And though reggae music has soldiered on since his death, no single performer has emerged to carry on Marley’s visionary quest.
And so it is left to Marvin and other veteran Wailers (drummer Carlton Barrett, bassist Aston Barrett, percussionist “Secco” Patterson, keyboardist “Wia” Lindo, guitarist Al Anderson and new rhythm guitarist Owen Reid) to continue the cause.
Marvin, who sings and plays lead guitar, is the first to admit the impossibility of living up to his former leader’s reputation.
“There’s no one who could ever fill Bob’s shoes,” he says. “But for me, it’s done out of respect and love for Bob, which is something I felt before I even joined the band.”
Originally from Jamaica, Marvin was educated in England and later went to the States, where he joined bluesman T-Bone Walker’s group. He also did session work with Billy Preston and Ike & Tina Turner.
“When I finally met Bob, he was looking for someone with different styles of music who could help reggae develop and reach more people. He thought there were touches of Hendrix in my playing.”
Marley’s missionary zeal in promoting reggae to new audiences is still being felt on this tour, says Marvin.
“Marley and the Wailers went to New Zealand in 1979 and planted a few seeds.
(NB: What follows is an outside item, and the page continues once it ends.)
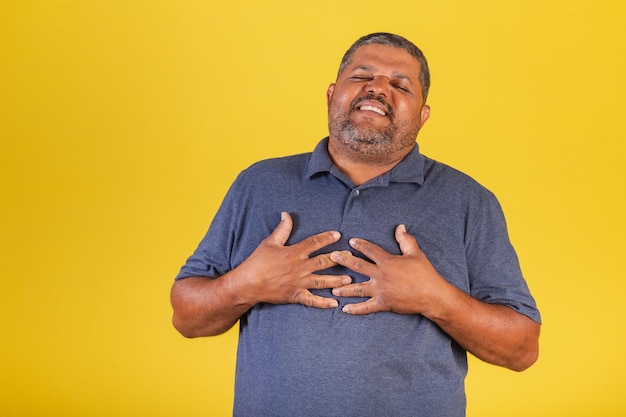 Brazilian black man adult with heart pain heart attack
Now, his music has laid down roots there with young people who never saw him but found out about his music from others.
“The crowds were huge.”
The current Wailers devote more than half their 90-minute show to Marley standards, mainly culled from his late ’70s albums,
Exodus
and
Rastaman Vibration
.
“We helped him write a lot of those songs, so we feel almost a part of them,” says Marvin.
For years, the Wailers’ recording rights and royalty claims were tied up in litigation as claimants to the Marley legacy fought bitterly over control.
“We stayed together even though a lot of people tried to tear us apart,” says Marvin. “The lawyers wanted us to just be a backing band for (Marley’s wife and reggae singer) Rita Marley. I guess she was influenced a lot by her lawyers and a lot of bad moves were made.”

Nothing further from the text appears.